The Domaal Rajputs, also spelt Domal, and sometimes written as Doomal, are a Muslim Rajput tribe found principally in the divided district of Poonch in Jammu & Kashmir, as well as Rajouri District in Indian-administered Kashmir and Bagh District and Chikar in Azad Kashmir.

==History==
According to their traditions regarding the origin of the Domaal tribe, one account traces them as a branch of the Chib tribe of Bhimber. According to this, the Domaal descend from two brothers, Dharam Chand and Puran Chand, who belonged to the seventh generation of Raja Chib Chand. Dharam Chand, during a visit to Delhi, converted to Islam. For this action, he was excommunicated by members of his tribe. His younger brother, Puran Chand, was then chosen as the new chief, but he too later embraced Islam, adopting the name Dom Khan. The Domaal are the descendants of Dom Khan, with the suffix aal among Pahari Rajputs signifying descent. Raja Dom Khan migrated from Bhimber and settled in Rajouri in the village of Rajdhani. He was buried at Narrouni, a small village near Rajdhani, where Domaal Rajputs still offer prayers at his grave.

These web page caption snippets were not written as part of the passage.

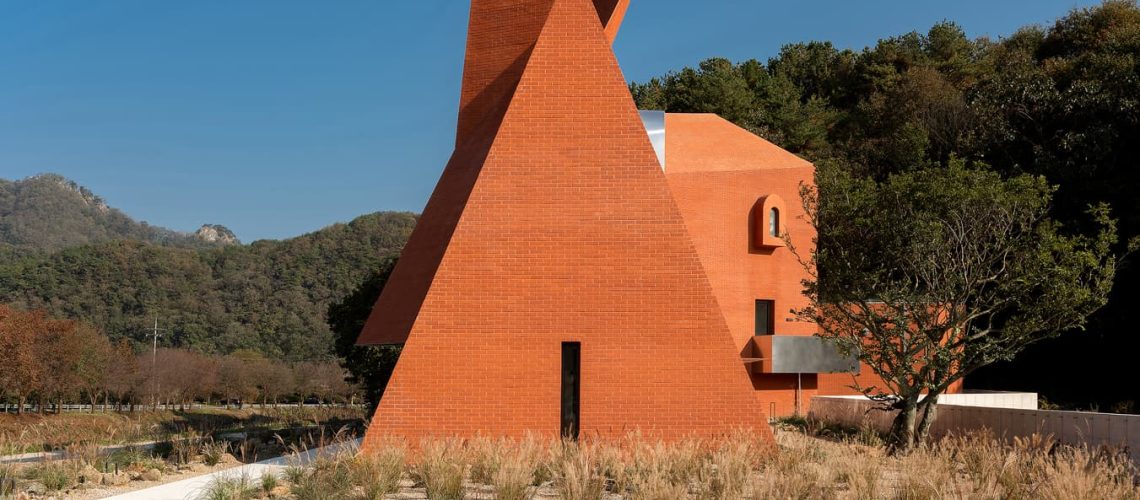 00-monologue-cafe-exterior-brick-form-hongcheon-cover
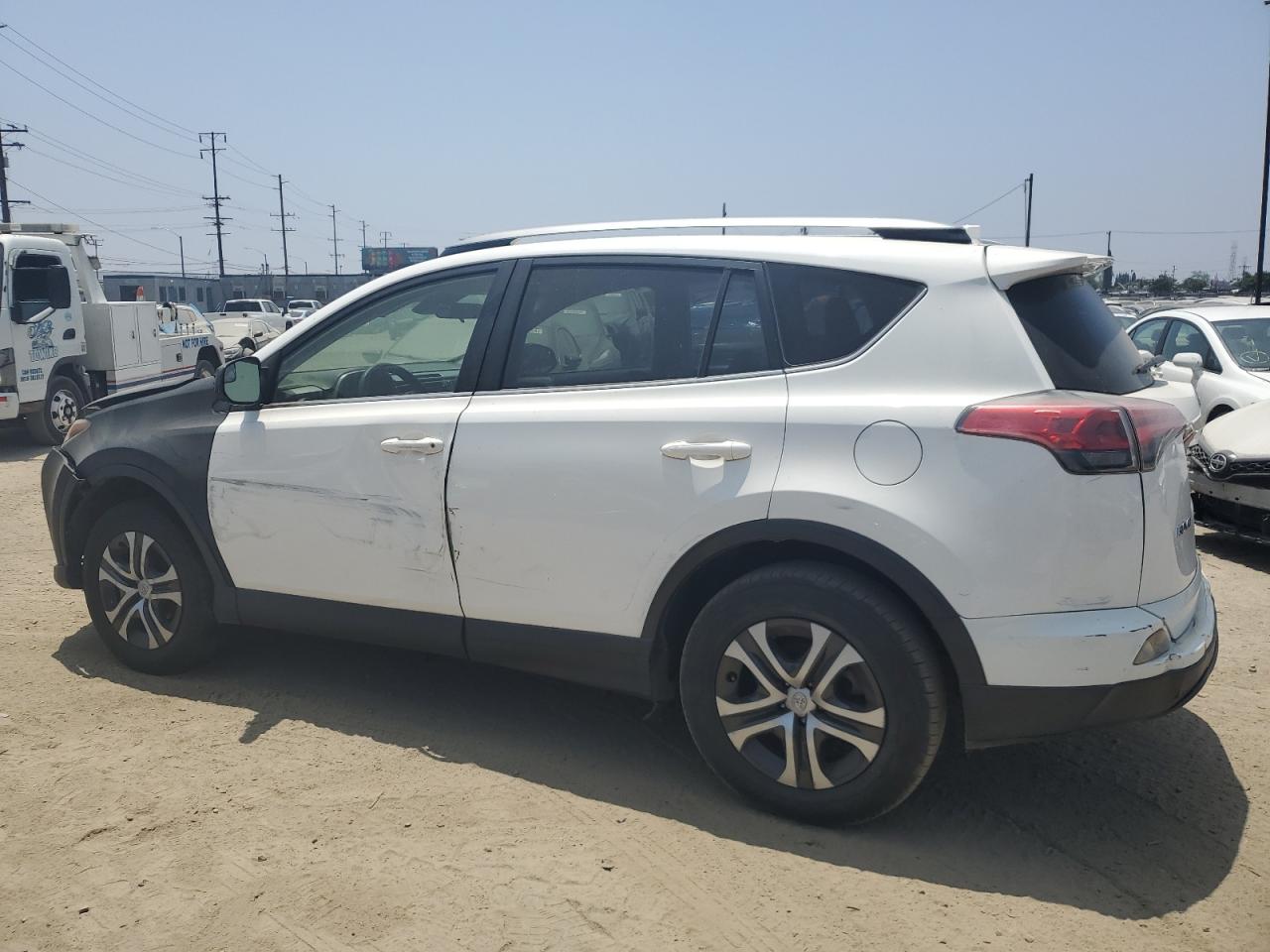 JTMZFREV6HJ129395 2017 Toyota Rav4 Le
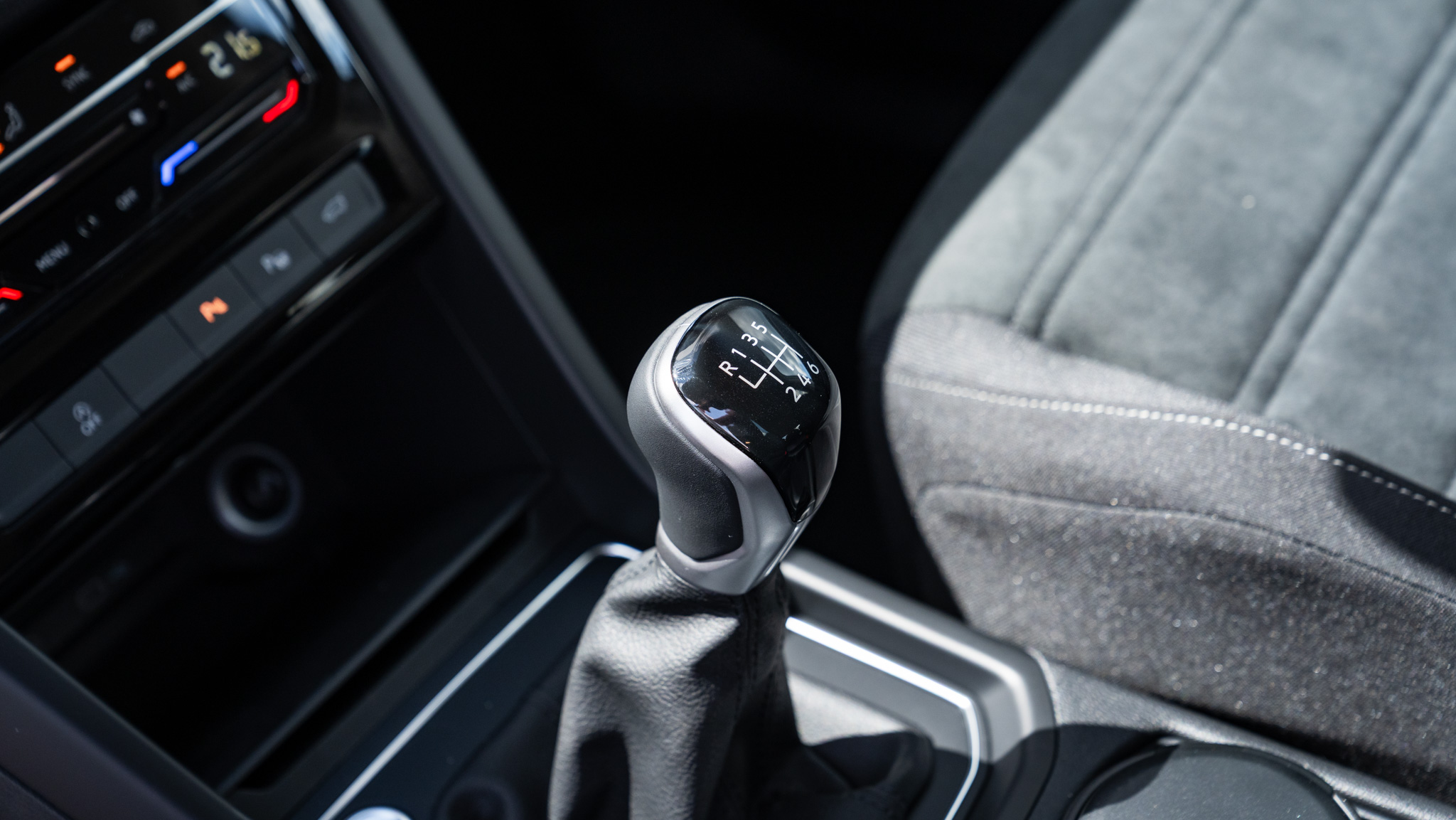 Obrázok Touran Limited 2.0 TDI 6G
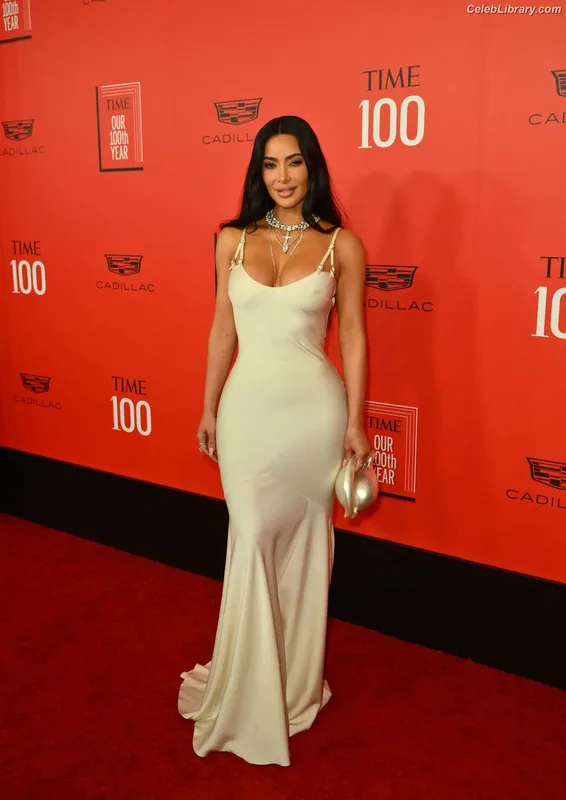 Kim Kardashian photo 10 of 4170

The Doomal Rajputs reside in various villages of the Manjakote block of Rajouri and account for about 35% of the population in Rajouri district of Jammu and Kashmir. The community occupies the southwestern slopes of the Pir Panjal range. Their villages are found along the slopes of hills overlooking tributaries falling into the Poonch River and Chenab River. They are also found in the areas of Nakyal and Khuiratta in Azad Kashmir.

==Notable people==
- Shabir Khan, former MLA in the Jammu and Kashmir Legislative Assembly and Health Minister
- Sikandar Hayat Khan, former president and Prime Minister of Azad Jammu and Kashmir
- Fateh Muhammad Khan Karelvi, politician and resistance fighter, father of Sikandar.